### Work to complete
Return the data verbatim, without pictures.

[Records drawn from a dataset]
• • • • •

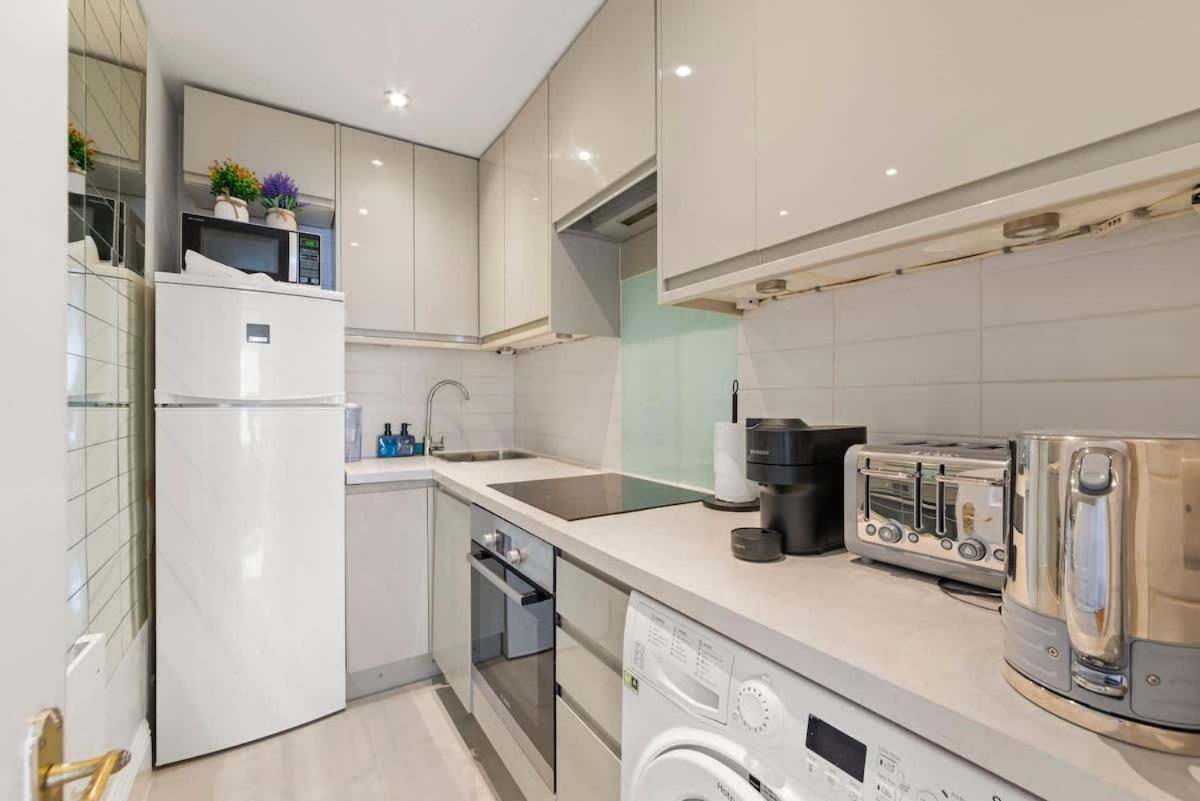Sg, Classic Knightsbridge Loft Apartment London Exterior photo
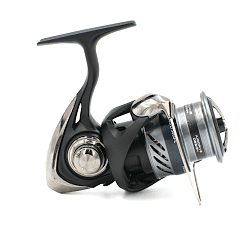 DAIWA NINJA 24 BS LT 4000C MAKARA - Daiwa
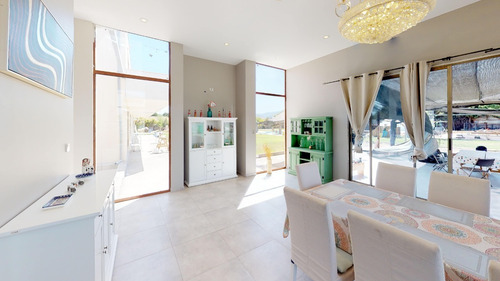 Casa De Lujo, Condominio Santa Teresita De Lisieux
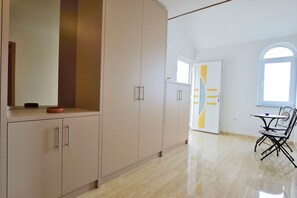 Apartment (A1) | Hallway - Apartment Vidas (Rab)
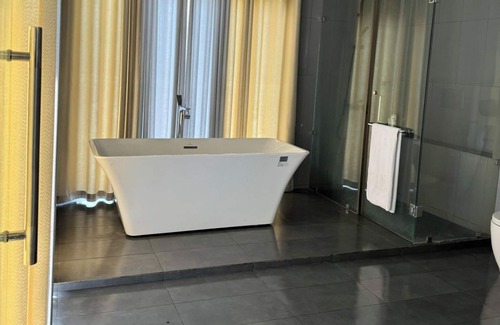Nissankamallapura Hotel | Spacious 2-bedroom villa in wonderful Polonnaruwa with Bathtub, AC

• • • • •

### Written solution
Sg, Classic Knightsbridge Loft Apartment London Exterior photo
 DAIWA NINJA 24 BS LT 4000C MAKARA - Daiwa
 Casa De Lujo, Condominio Santa Teresita De Lisieux
 Apartment (A1) | Hallway - Apartment Vidas (Rab)
Nissankamallapura Hotel | Spacious 2-bedroom villa in wonderful Polonnaruwa with Bathtub, AC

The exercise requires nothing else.